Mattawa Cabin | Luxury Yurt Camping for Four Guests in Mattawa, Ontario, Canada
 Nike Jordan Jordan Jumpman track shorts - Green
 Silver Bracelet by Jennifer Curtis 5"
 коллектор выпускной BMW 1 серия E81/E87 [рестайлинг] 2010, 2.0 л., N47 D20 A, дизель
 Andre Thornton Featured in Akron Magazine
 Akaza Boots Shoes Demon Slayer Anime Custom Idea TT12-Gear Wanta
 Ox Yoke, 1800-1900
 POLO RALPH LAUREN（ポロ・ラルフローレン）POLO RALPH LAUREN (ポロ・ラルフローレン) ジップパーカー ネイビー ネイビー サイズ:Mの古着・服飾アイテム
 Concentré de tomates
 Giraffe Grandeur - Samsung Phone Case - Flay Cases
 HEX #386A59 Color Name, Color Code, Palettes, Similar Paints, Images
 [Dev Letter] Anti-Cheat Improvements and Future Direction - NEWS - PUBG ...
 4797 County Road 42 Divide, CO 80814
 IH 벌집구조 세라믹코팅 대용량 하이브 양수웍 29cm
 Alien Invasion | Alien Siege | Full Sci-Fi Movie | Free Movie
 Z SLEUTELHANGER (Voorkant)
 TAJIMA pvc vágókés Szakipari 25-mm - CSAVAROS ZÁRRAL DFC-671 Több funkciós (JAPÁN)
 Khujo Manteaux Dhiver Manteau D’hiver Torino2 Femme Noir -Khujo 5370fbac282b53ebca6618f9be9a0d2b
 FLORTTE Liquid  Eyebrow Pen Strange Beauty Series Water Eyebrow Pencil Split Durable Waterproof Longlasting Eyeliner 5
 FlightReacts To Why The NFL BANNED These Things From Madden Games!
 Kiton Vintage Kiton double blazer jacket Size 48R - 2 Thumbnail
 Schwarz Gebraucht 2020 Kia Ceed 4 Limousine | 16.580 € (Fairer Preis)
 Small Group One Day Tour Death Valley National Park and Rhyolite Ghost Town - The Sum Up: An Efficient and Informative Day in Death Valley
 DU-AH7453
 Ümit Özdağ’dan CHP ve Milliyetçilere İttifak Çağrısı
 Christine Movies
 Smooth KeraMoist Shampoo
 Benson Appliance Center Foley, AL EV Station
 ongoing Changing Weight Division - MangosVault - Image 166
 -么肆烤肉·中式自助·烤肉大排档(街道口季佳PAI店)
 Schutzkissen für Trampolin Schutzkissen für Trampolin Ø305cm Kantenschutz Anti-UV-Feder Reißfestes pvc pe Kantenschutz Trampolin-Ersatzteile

========================

Exactly reproduce the lines of the entries above, from the one containing "Benson Appliance Center Foley, AL EV Station" to the very last, and no others.

YOUR SOLUTION:
 Benson Appliance Center Foley, AL EV Station
 ongoing Changing Weight Division - MangosVault - Image 166
 -么肆烤肉·中式自助·烤肉大排档(街道口季佳PAI店)
 Schutzkissen für Trampolin Schutzkissen für Trampolin Ø305cm Kantenschutz Anti-UV-Feder Reißfestes pvc pe Kantenschutz Trampolin-Ersatzteile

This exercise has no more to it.